• Ian Paul Otero

The Centennials' dilemma: Look for a job or start one?

A few days ago, my teenage nephew told me firmly that he hoped he would never find himself in need of having a boss or having to be accountable, owning his time, and not having to suffer low wages in jobs where little is learned. He had already decided his future... Be an entrepreneur.

I take advantage of this (mistaken) idea that my nephew has and several hundred thousand young people who are about to enter the labor market, to make some reflections.

Let's start from the premise that entrepreneurship has no superior hierarchy over having a job. There is a mistaken perception that to do this you have to give up absolutely everything, not realizing that a previous job could well speed up the process of launching a company. Having a job prior to entrepreneurship is a good idea, basically because of 4 things:

  • Allows you to expand your knowledge and network of contacts. When we develop professional experience and are responsible for the tasks entrusted to us, not only will you put into practice what you have learned in school, but you will also learn from subjects that you had no idea were associated with the operation of a company. In addition, you could meet a potential customer, a supplier or even a future co-founder.

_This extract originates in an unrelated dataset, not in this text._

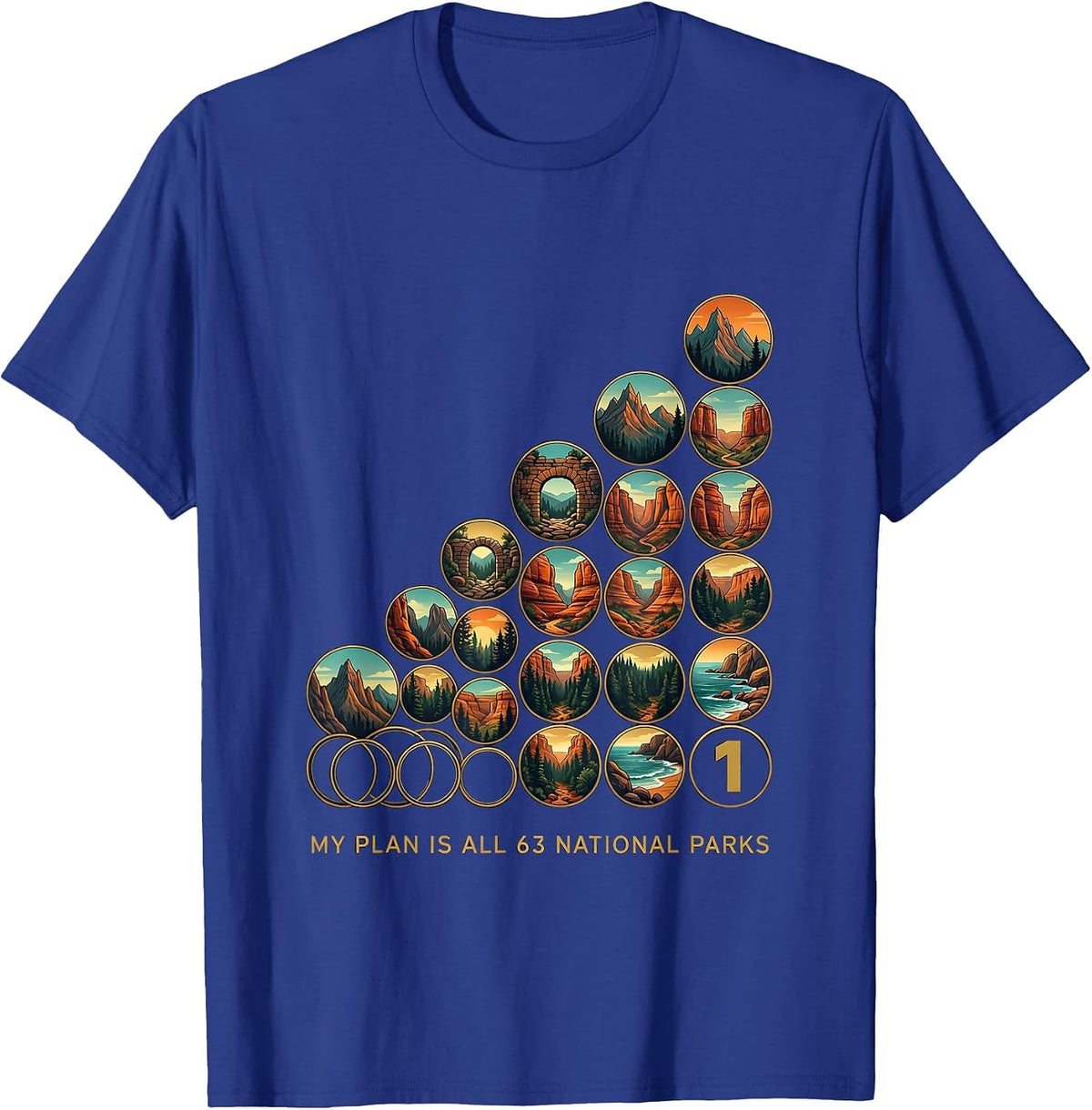 Men's My Plan Is All 63 National Parks Checklist Badge Grid T-Shirt - Royal Blue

  • Better decisions are made and products and markets can be validated. There is no worse pressure when we start a business than the one that causes the lack of cashflow. Having a job will allow you, at least in an initial cycle, to have a salary that allows you to cover the costs associated with starting a company, as well as, while validating the product and the market, to have resources without putting at risk your savings or what would be worse, that of your friends and family.

  • It allows you to better understand your abilities and also your limitations. When we are in the process of entrepreneurship, we assume that we will have the ability to devise, execute, operate, sell and everything else related to the business. If you have previous professional experience, you will understand that no matter how much it hurts, you don't know everything and you can't handle everything. Having multidisciplinary profiles typically different from ours as co-founders is always a good idea, the best ventures come from the contest of skills and talents.

  • Entrepreneurship is not for everyone. While you don't need credentials or a resume to start a company or to validate an idea that could potentially turn into a business, having previously worked will allow you to realize if entrepreneurship is really for you, because the only thing that is certain is that you will work more, much more in your company than in a job; you will have the most demanding boss of all who is the client; the pay, in the beginning, will be much but much lower than what you can aspire to in one job and the day-to-day pressure will be infinitely higher than what you can suffer in another company.

In short, we live in a rush to become entrepreneurs and that's good; but there is still little awareness of what that implies. I suggest we be aware that working for a company is not bad. On the contrary, it is complementary. The only thing I don't recommend under any circumstances is to press yourself to launch something when the idea is still very diffuse. If you have already passed this stage, validated your business model and your market, decided to go with everything and despite everything with conscience: Start, what are you waiting for!